Los funcionarios en España son viejos, como la institución para la que trabajan. Sólo el 5 por ciento de ellos tiene menos de 34 años y no tardan mucho en adaptarse al medio. No les queda más remedio. Como un político, un funcionario no tiene color propio porque lo pierde en cuanto ocupa su plaza. Adopta el de la oficina donde trabaja, como los camaleones.
La mediocridad tira por la calle del medio: en España los funcionarios y los expertos se han reconvertido en políticos. Los funcionarios se infiltran en la política y los políticos en la función pública. Hay casi medio millón de políticos trabajando en los laberintos administrativos y empresas públicas, una cifra absolutamente desconocida en Europa. Es otro rasgo típico del Estado hispánico: el enchufe. El Estado recompensa y devuelve favores a determinados personajillos políticos con cargos muy bien remunerados y blindados. Naturalmente “a dedo”.
Una de las consecuencias es que en España los sueldos de la función pública son un 44 por ciento superiores a los que imperan en el sector privado, una ventaja que hay que añadir a que, como solía decirse antes, el funcionario “tiene la plaza en propiedad”. El despido es casi impensable.
En ocasiones, por pura ingenuidad, un político o un partido quiere hacer algo diferente. Pero no basta con las buenas intenciones. En las instituciones públicas no hay presupuesto para hacer cosas nuevas. Por ejemplo, en la mayor parte de los ayuntamientos el dinero se va en gastos corrientes, es decir, en hacer lo mismo que se ha hecho siempre, en mantener la rueda en funcionamiento. En Galicia la administración autonómica sólo dedica un 6,4 por ciento a inversiones.

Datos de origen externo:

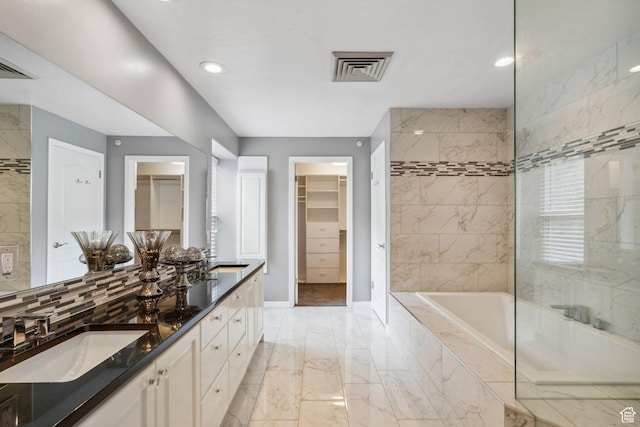 2863 S Cove Ln, Bountiful, UT 84010 - bathroom featuring marble finish floors, a relaxing tiled tub, baseboards, recessed lighting, and a spacious closet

Hay ayuntamientos que ni siquiera tienen dinero para pagar los gastos corrientes y viven de las subvenciones, es decir, que son municipios que se sostienen en pie gracias a la caridad, como los mendigos. En Madrid la comunidad autónoma tiene lo que falsamente califica como PIR (Plan de Inversiones Regionales) que sirve para pagar los gastos corrientes de los ayuntamientos sin dinero. Si el partido que dirige el ayuntamiento es diferente del que dirige la autonomía, se queda sin subvenciones; tiene que reducir actividades y en las siguientes elecciones se lo va a reprochar el bando contrario, precisamente aquellos que les han dejado sin un céntimo.
Es el encefalograma plano a escala municipal, lo justo para que las ruedas del Estado no se detengan. ¿Cómo puede un partido emprender cosas nuevas cuando a duras penas es capaz de mantener en marcha la vieja maquinaria que ya existe?
La única solución, pues, no es cambiar de gobierno sino cambiar de Estado, pero eso es algo que no se remedia con elecciones.